#### [TO DO]
Output exactly the lines that come between the start of the material and the line containing "China IP65 Black", both ends included, with the pictures omitted.

#### [LISTED RECORDS]
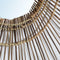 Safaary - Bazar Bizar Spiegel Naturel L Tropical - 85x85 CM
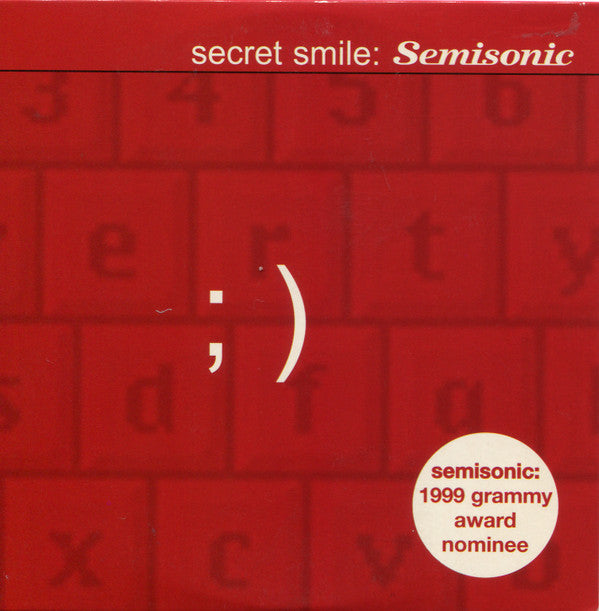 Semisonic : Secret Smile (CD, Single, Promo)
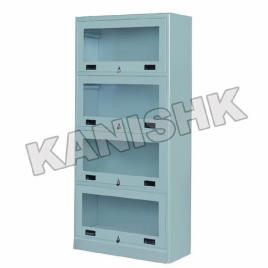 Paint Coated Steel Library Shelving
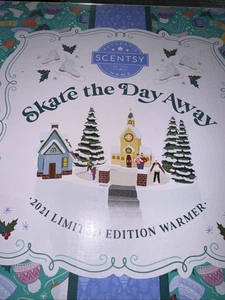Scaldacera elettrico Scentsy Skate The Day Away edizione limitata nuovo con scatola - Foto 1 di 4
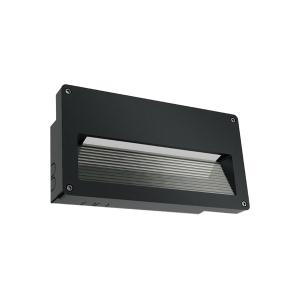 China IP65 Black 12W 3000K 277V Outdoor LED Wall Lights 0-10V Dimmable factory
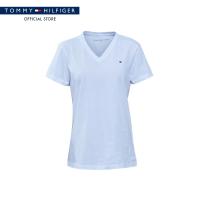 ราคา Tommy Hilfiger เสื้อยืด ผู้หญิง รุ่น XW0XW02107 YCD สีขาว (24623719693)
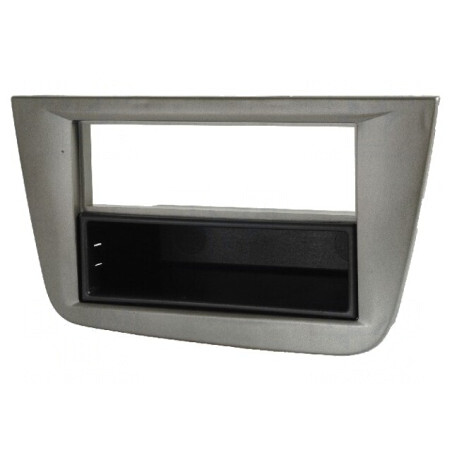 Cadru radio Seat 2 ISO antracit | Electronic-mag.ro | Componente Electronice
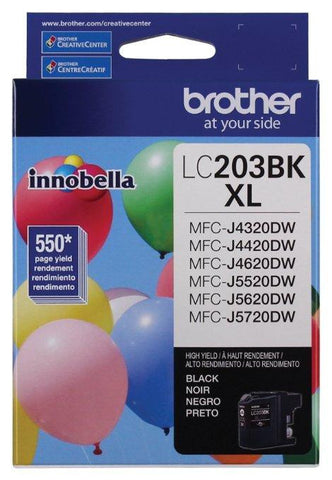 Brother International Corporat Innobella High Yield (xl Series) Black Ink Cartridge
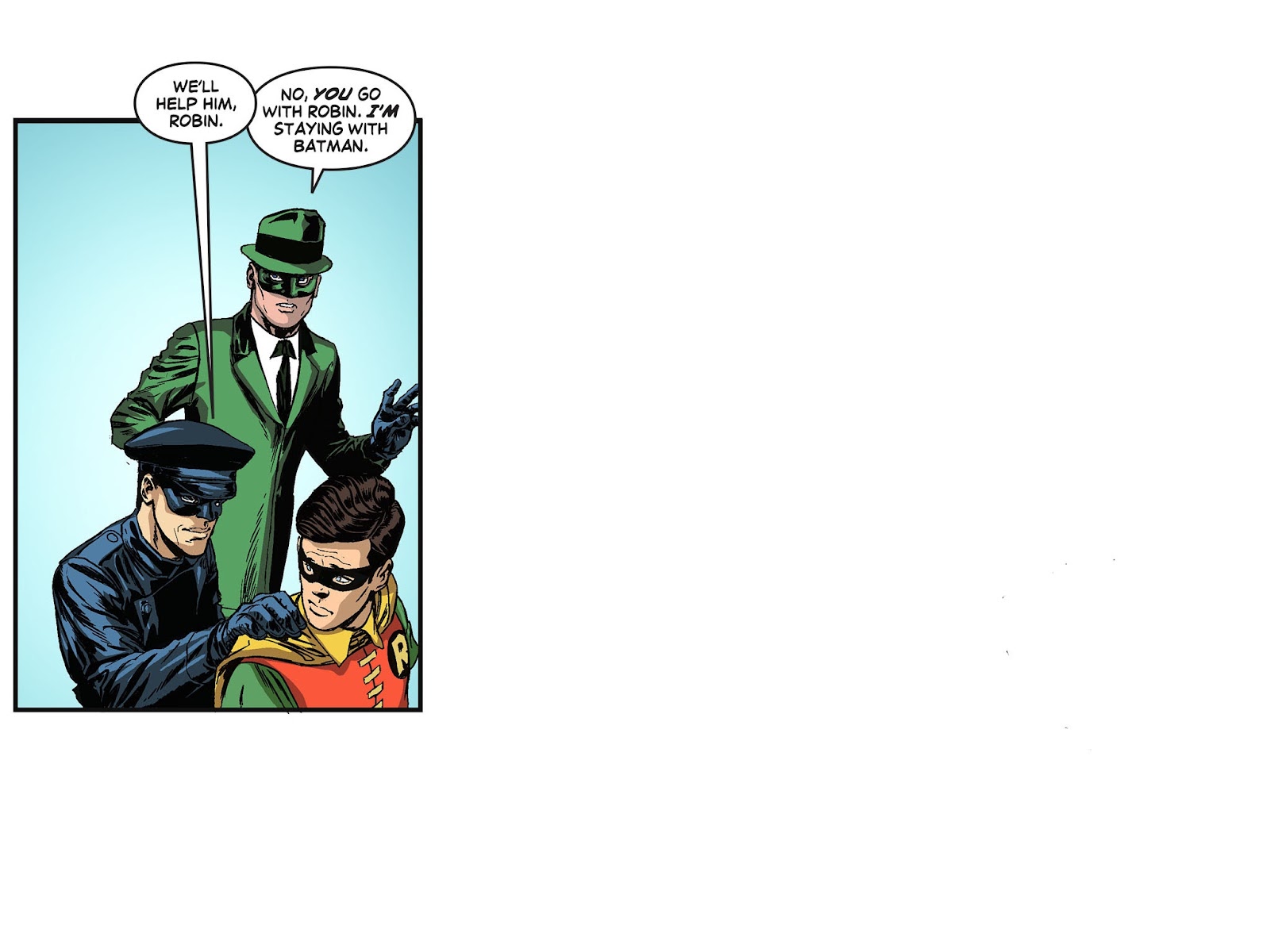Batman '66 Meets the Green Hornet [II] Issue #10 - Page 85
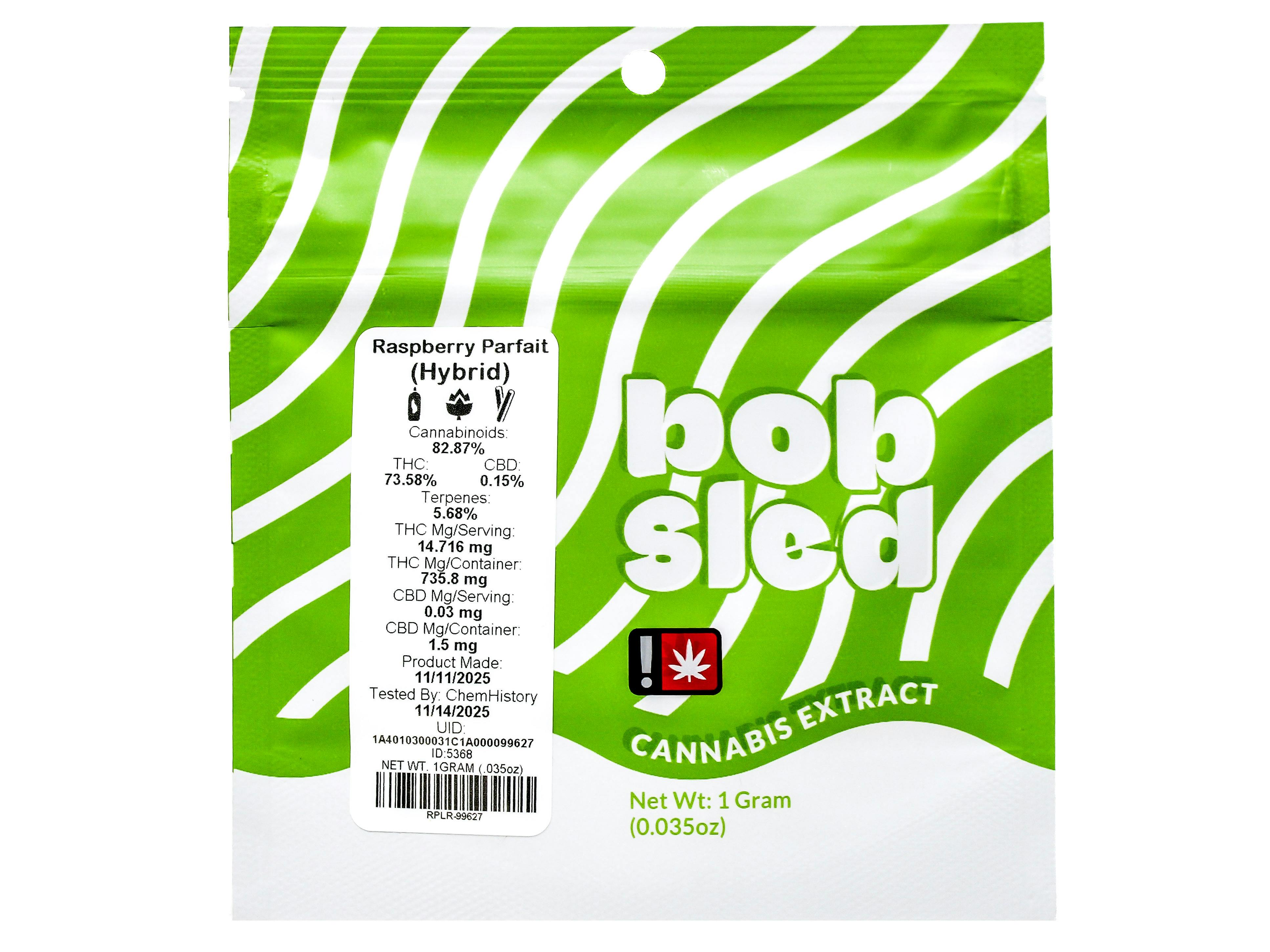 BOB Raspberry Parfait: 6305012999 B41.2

#### [TASK RESULT]
 Safaary - Bazar Bizar Spiegel Naturel L Tropical - 85x85 CM
 Semisonic : Secret Smile (CD, Single, Promo)
 Paint Coated Steel Library Shelving
Scaldacera elettrico Scentsy Skate The Day Away edizione limitata nuovo con scatola - Foto 1 di 4
 China IP65 Black 12W 3000K 277V Outdoor LED Wall Lights 0-10V Dimmable factory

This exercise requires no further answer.